Print the lines of the entries below from the one with "Kit de pintura" through the final line, exactly as they appear. The pictures are not part of the copy.

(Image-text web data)
════════════════

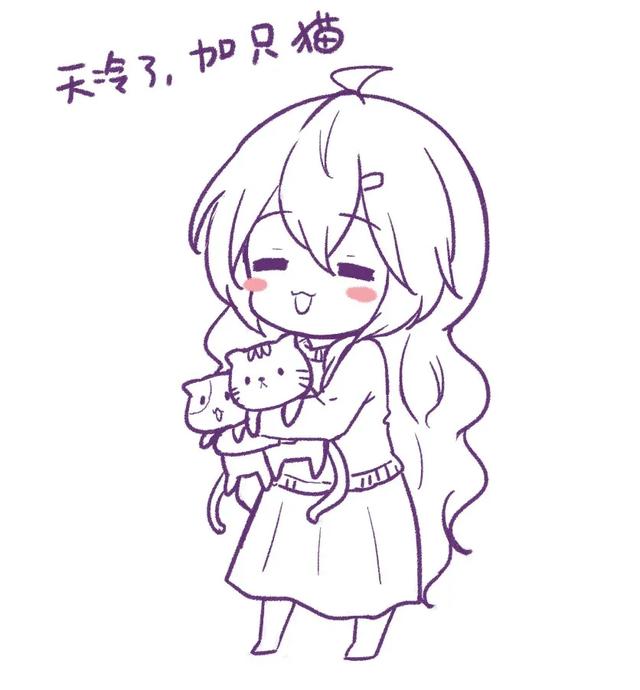 【画画素材资源库】你要的q版黑白绘画临摹线稿素材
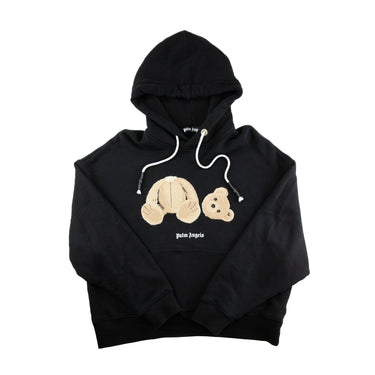 The front of the Palm Angels Kill The Bear Black Hoodie.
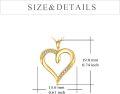 wholesale 14K Gold Diamond Accent Open Heart Necklace - Elegant Fine s for Her-0-4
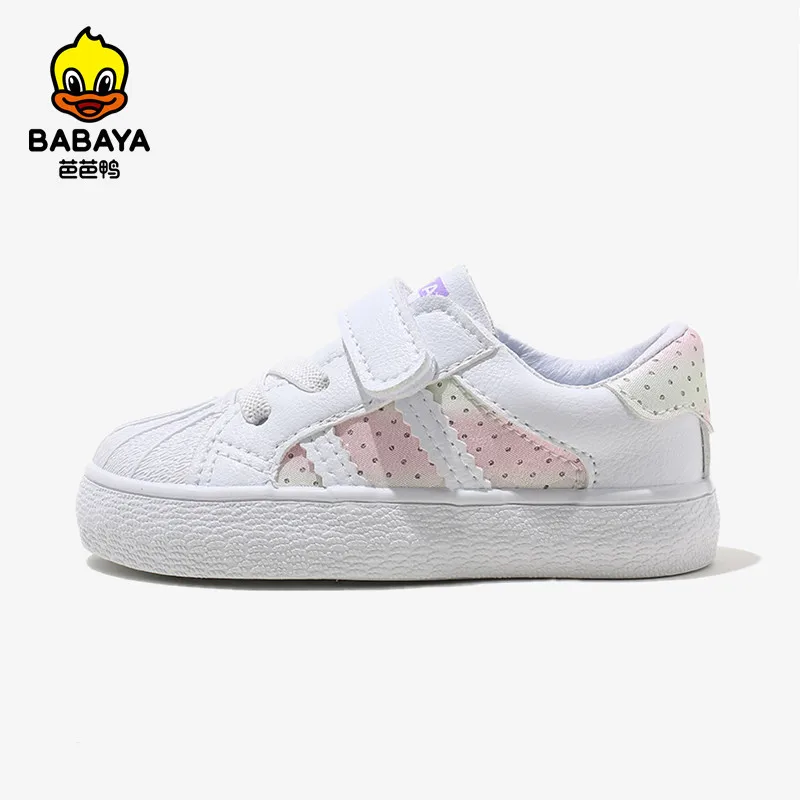 Babaya Children Toddler Shoes 1-3 Years Old Baby Shoes 2023 Spring New Baby Girls Casual Shoes Soft Bottom Kids Shoes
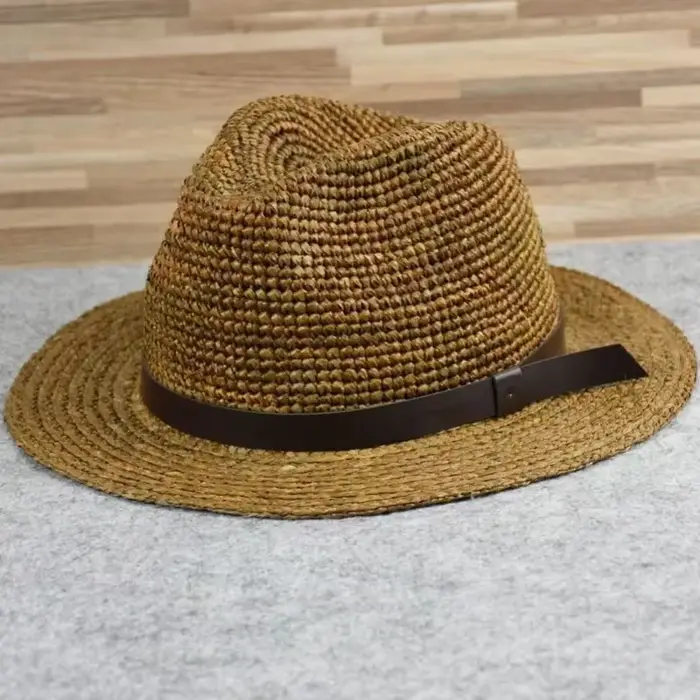Chapeau de paille en raphia pour hommes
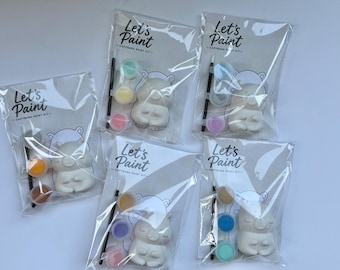 Kit de pintura de yeso para niños: ¡Pinta tu propio capibara! / Kit de manualidades DIY para fiestas / Capibara de pie para pintar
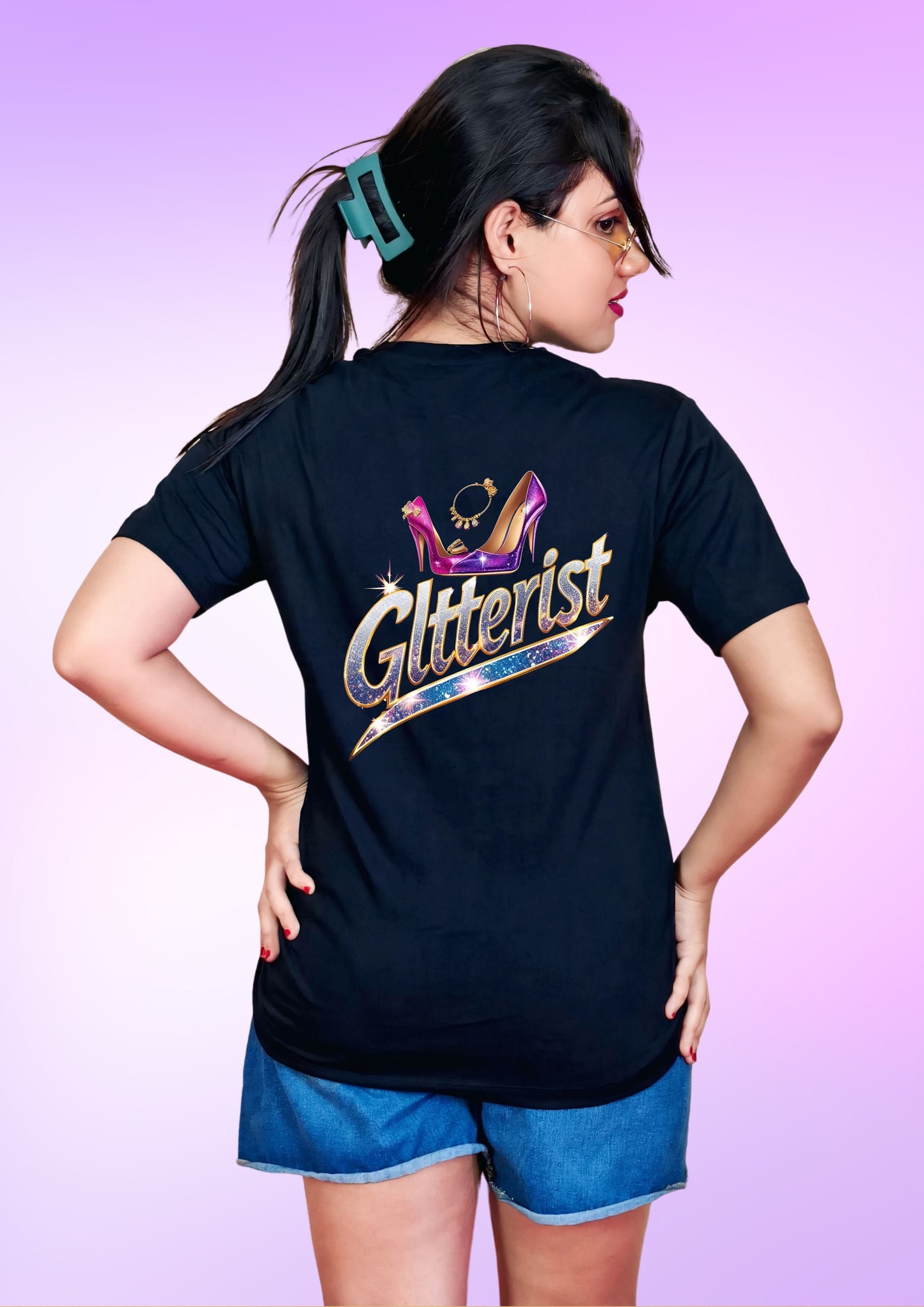 GLITTERIST Luxe Glam Stiletto Tee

════════════════

__Exercise result__:
 Kit de pintura de yeso para niños: ¡Pinta tu propio capibara! / Kit de manualidades DIY para fiestas / Capibara de pie para pintar
 GLITTERIST Luxe Glam Stiletto Tee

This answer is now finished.